Never has a December game against the lowly Hornets meant more in recent years.
But here the Bulls are, free of games for four days this week before they visit Charlotte on Friday to try to find a pulse in their rapidly dying season.
Practice, film work, heart-to-heart talks — they’ve covered it all since the Warriors handed them a seventh straight loss Sunday at the United Center. After starting the season 6-1 and going 3-13 since, they need something, anything, quick.
“I’m not really sure, but for some reason right now for us, it’s not clicking at all,” veteran center Nikola Vucevic said. “We’re struggling on both ends and just not playing to the level we know we can. [This week] couldn’t come at a better time to hopefully use it to regroup, get some good work in and hopefully play better coming out of it.”
Facing the Hornets (7-17) may be just what the Bulls need. By early November, they had beaten the Pistons, Knicks, Magic and 76ers, so there was a point when they worked well together. Then they started breaking, eventually sinking so low that the opponent often doesn’t seem to matter. During this skid, they have lost to the Nets (6-17), the Pelicans (3-22) and the Pacers (6-18) twice, as well as the Hornets, who topped them by seven points a few weeks ago.
Same old Hornets? Not really. The toughest opponent the Bulls (9-14) are dealing with is themselves.
“It just feels like the game starts, we get down pretty quick, and then snowball effect — we can’t really find our way out of it,” Vucevic said. “At one point, our defense wasn’t great [but] our offense was working, and now it’s neither working, so we just have to figure it out. A lot of things, we talk about. A lot of things, we control and know we can do better. For whatever reason, we’re not doing it together on the floor.”
There are excuses they could point to: injuries, roster construction, lack of a true star, up to eight players in their walk years, even the schedule. But much of the NBA has similar issues and still plays with energy.
Guard Josh Giddey simplified things: Blame the players and the lack of execution.

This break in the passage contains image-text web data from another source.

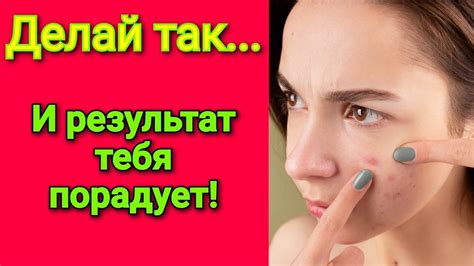 Раздел 3: Уход за проблемной кожей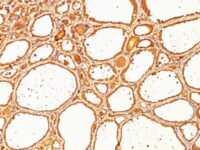 Formalin-fixed, paraffin-embedded human Thyroid Carcinoma stained with Thyroglobulin Monoclonal Antibody (SPM517).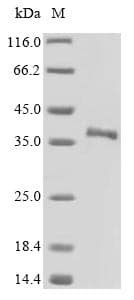 Mouse SFRP5 Protein (Recombinant 6His, N-terminus)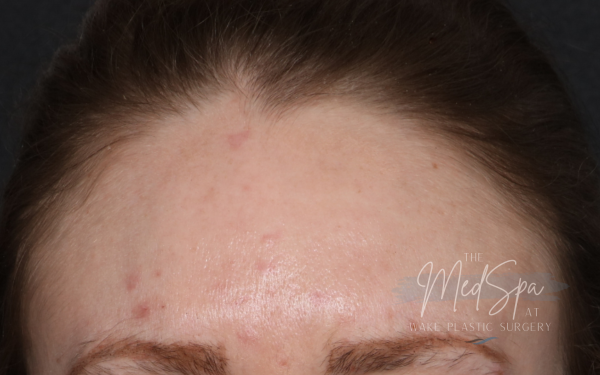 Botox-Patient-5 | After Botox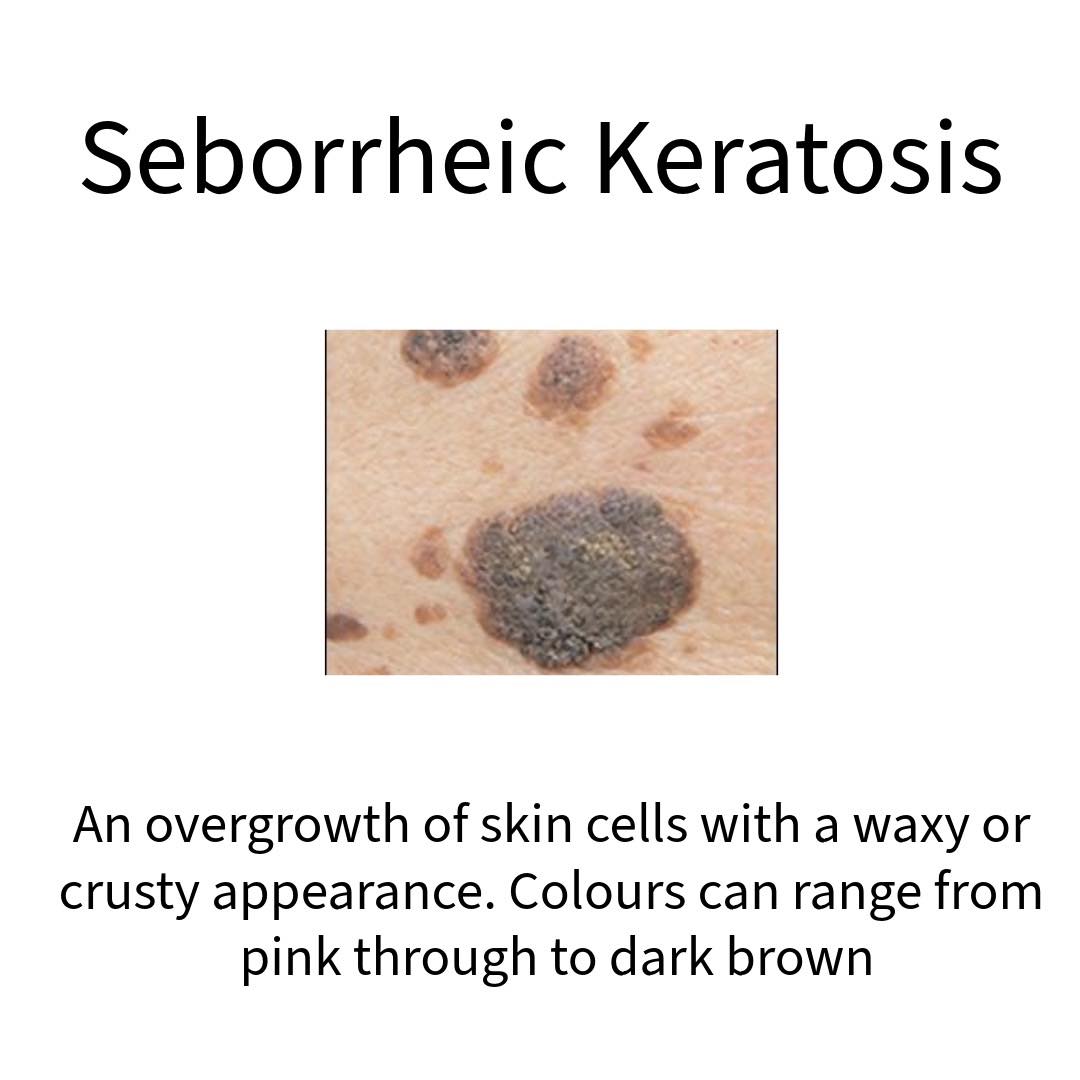 What is Seborrheic Keratosis? These are... - The Nurse Clinic | Facebook
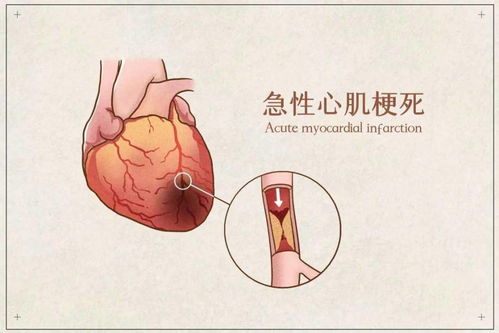 深部输精结束后究竟要不要立即拔管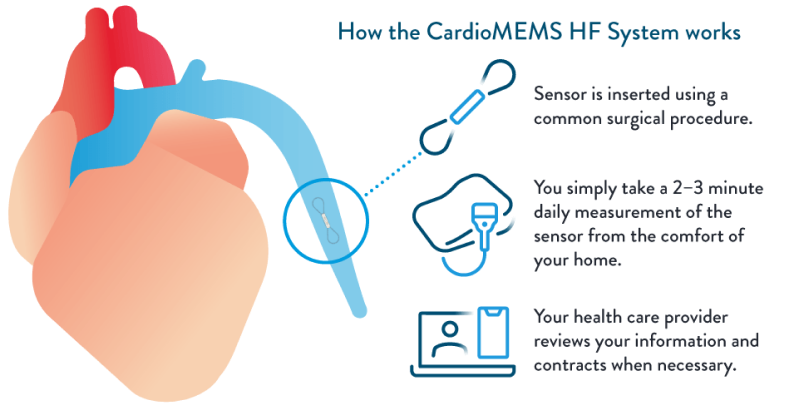 How the CardioMEMS HF System works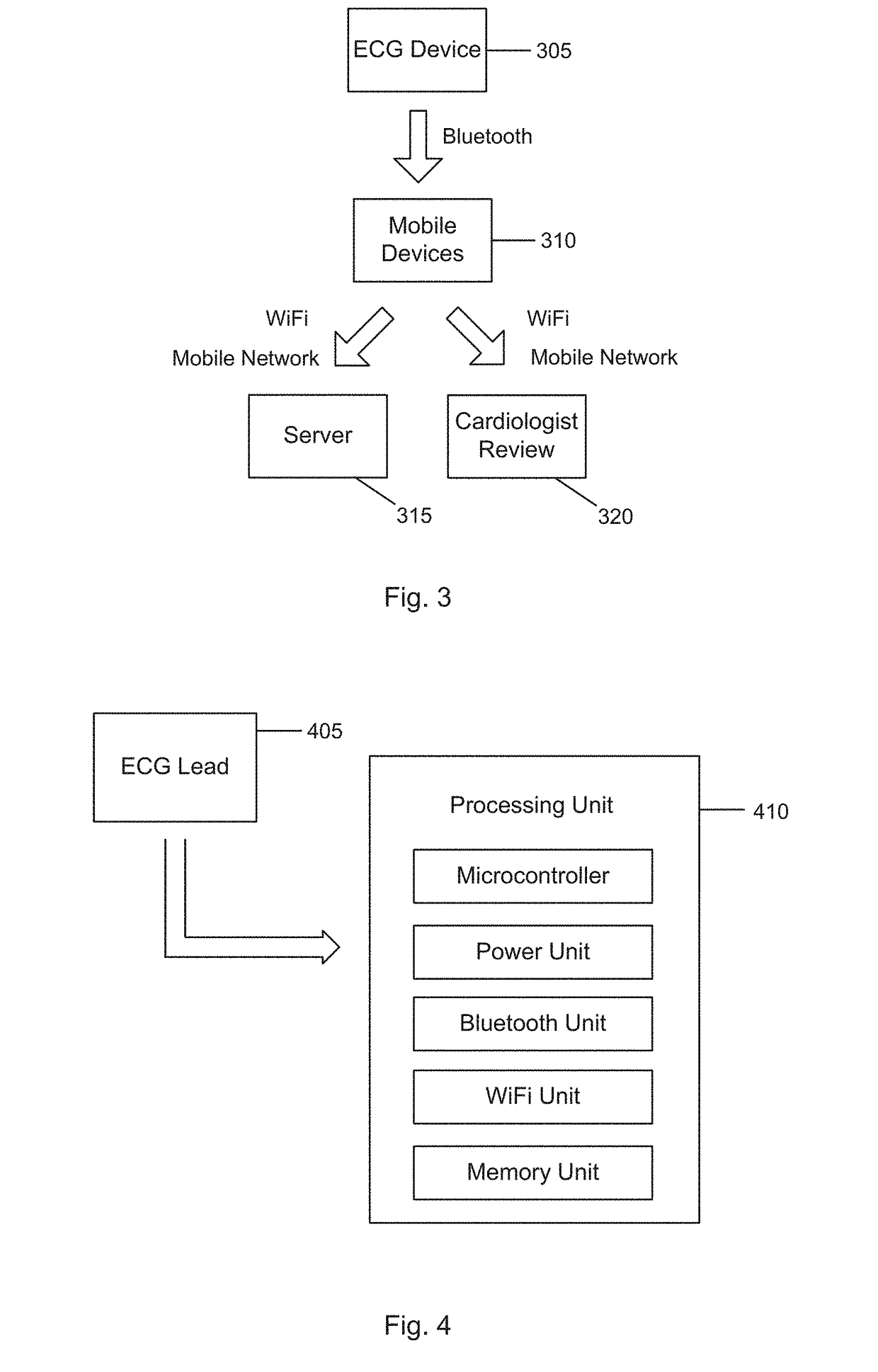 Method of detecting abnormalities in ECG signals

“Game-plan-wise, the coaches, Billy [Donovan], whoever is doing the scouting, gives us great game plans,” Giddey said. “They give it to us, and it’s up to us to go out there and execute them. We just haven’t done that at a high-enough level to win games. We’ve got to figure out ways to counteract [what teams are doing]. Game-plan-wise, we get everything we need.
“We’ve shown we can do it early on, and it’s about doing it at a high-enough level night in and night out, whether we’ve got guys injured or not. Every team in the league deals with things like that, back-to-backs, whatever it is. We’ve just got to find a way to get back to it.”
Charlotte would be a good place to start.